Dataset excerpts
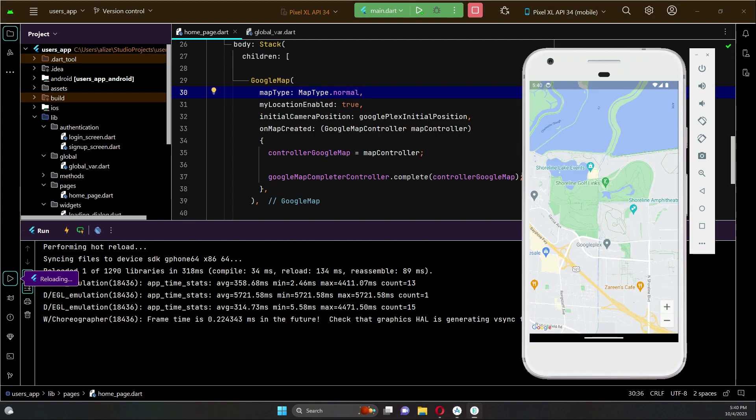But of course, whatever the map type you like, you can go with it. And this is only the map type - the map styles are different thing, on which we will implement in the next video.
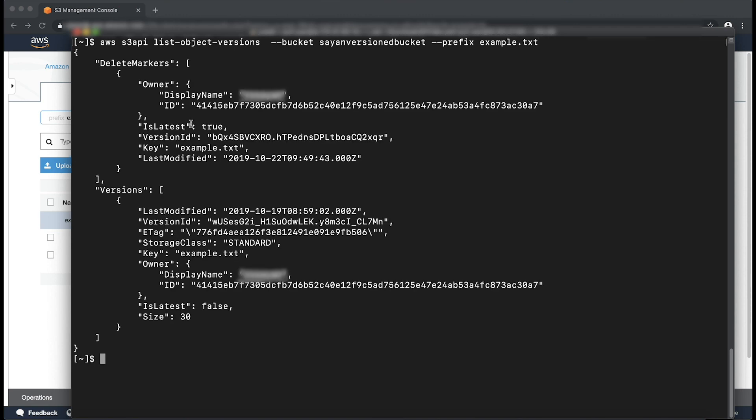Note that the command lists all the objects beginning with example.txt, like example.txt1, example.txt2. Note this fact and filter the output accordingly. From the versions of the command's output, copy the version ID of the object that we want to retrieve.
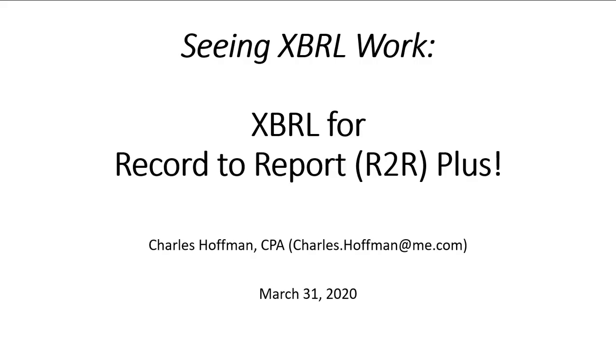In this video, I want to help you see XBRL work. I'm going to walk you through something and then I'm going to show you how I'm doing what I'm doing.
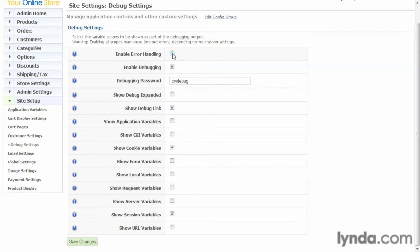And sometimes those are really ugly. So once your site goes live, you'll definitely want to enable that.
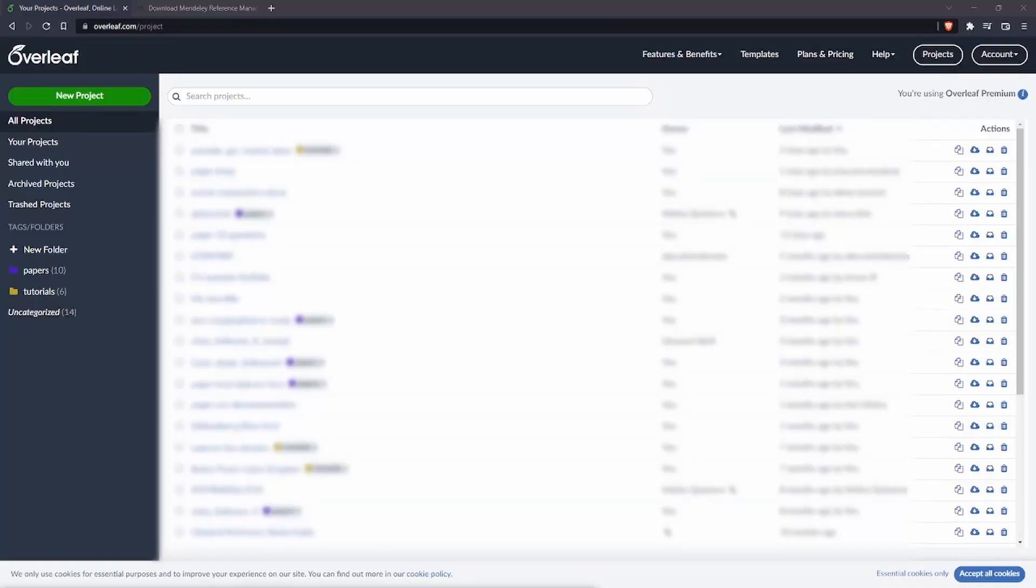Hi everyone and welcome back to my channel. In this video I'm going to show you how you can connect your Mendeley account with your Overleaf account.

» WHAT YOU ARE ASKED TO DO
Go back to the line containing "And sometimes those" and output it and every line after it through the end of the records, exactly, but not the pictures.

» ANSWER BOX
And sometimes those are really ugly. So once your site goes live, you'll definitely want to enable that.
Hi everyone and welcome back to my channel. In this video I'm going to show you how you can connect your Mendeley account with your Overleaf account.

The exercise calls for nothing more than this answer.